『それは、大人の事情。』【完】

真司さんのご両親と会った一週間後、今度は私の両親に会う為、新幹線で実家に向かった。


実家に帰るのは、約三年ぶり。母親が結婚を急かす様になり、それがうっとおしくて帰ってなかったけど、これでなんとか親孝行出来そうだ。


けど、気掛かりなのは、父親の事。昔気質で頑固なところがあるから、真司さんが再婚で子供が居るって分かったらなんて言うか……ちょっと心配だ。

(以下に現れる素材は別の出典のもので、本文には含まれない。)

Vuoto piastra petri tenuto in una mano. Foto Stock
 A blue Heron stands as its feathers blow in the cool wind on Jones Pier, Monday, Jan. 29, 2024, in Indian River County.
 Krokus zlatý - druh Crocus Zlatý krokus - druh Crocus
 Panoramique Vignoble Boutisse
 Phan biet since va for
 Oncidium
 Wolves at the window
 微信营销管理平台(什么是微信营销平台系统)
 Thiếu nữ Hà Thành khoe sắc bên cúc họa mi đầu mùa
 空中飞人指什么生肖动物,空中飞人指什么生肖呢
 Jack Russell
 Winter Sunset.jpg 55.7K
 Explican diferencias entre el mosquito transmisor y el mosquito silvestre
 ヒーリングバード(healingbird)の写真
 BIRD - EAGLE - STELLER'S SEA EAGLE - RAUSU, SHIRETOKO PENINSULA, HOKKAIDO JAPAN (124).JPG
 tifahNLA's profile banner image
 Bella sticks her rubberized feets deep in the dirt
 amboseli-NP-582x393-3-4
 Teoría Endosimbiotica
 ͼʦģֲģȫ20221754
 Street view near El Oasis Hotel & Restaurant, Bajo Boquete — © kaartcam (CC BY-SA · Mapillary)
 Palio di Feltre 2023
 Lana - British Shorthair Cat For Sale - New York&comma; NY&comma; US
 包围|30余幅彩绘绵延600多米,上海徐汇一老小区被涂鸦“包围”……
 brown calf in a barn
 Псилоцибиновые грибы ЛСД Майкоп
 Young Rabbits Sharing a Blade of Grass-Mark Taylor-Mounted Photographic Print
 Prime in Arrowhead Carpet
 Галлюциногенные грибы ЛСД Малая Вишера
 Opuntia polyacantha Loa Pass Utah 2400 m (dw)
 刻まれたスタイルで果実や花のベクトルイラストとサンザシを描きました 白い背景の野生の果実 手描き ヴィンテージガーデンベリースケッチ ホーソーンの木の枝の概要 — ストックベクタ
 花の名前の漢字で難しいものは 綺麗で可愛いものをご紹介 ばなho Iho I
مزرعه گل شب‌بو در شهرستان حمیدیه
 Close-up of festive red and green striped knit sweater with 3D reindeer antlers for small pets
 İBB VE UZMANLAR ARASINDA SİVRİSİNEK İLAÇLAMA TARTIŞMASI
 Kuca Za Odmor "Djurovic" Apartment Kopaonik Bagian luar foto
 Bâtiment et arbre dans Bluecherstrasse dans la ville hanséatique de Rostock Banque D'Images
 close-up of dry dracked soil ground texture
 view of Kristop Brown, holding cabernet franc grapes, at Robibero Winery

―――でも、どうやらそれは取り越し苦労だったみたいで……


初めは真司さんが再婚だと知り、露骨に嫌な顔をしていた父親だったが、彼とお酒を酌み交わしている内に真司さんの人となりが分かってきた様で、すっかり安心して私達の結婚を許してくれた。


二人は酔った勢いで、もう結婚式の日取りを相談してる。全てが順調に進みホッとしていると、キッチンでお酒のつまみを作っていた母親に呼ばれた。


「真司さんって、いい人そうね」

「うん、いい人だよ。仕事も出来るし、頼りがいもあるし」


母親の横に並んでシンクに溜まった皿を洗い始めると、包丁の音が止まり母親がボソッと呟く。


「梢恵は、本当に彼でいいの?」

「えっ?」


私の結婚をあんなに望んでいた母親が、そんな事言うなんて思ってなかったから驚いた。


「それ、どういう意味?」

「別に深い意味はないわよ。なんとなく……ね。あなたがいいって言うならいいけど……」

「いいに決まってるでしょ!」


豪快に笑い飛ばしたけど、本当は有り得ないくらい動揺していた。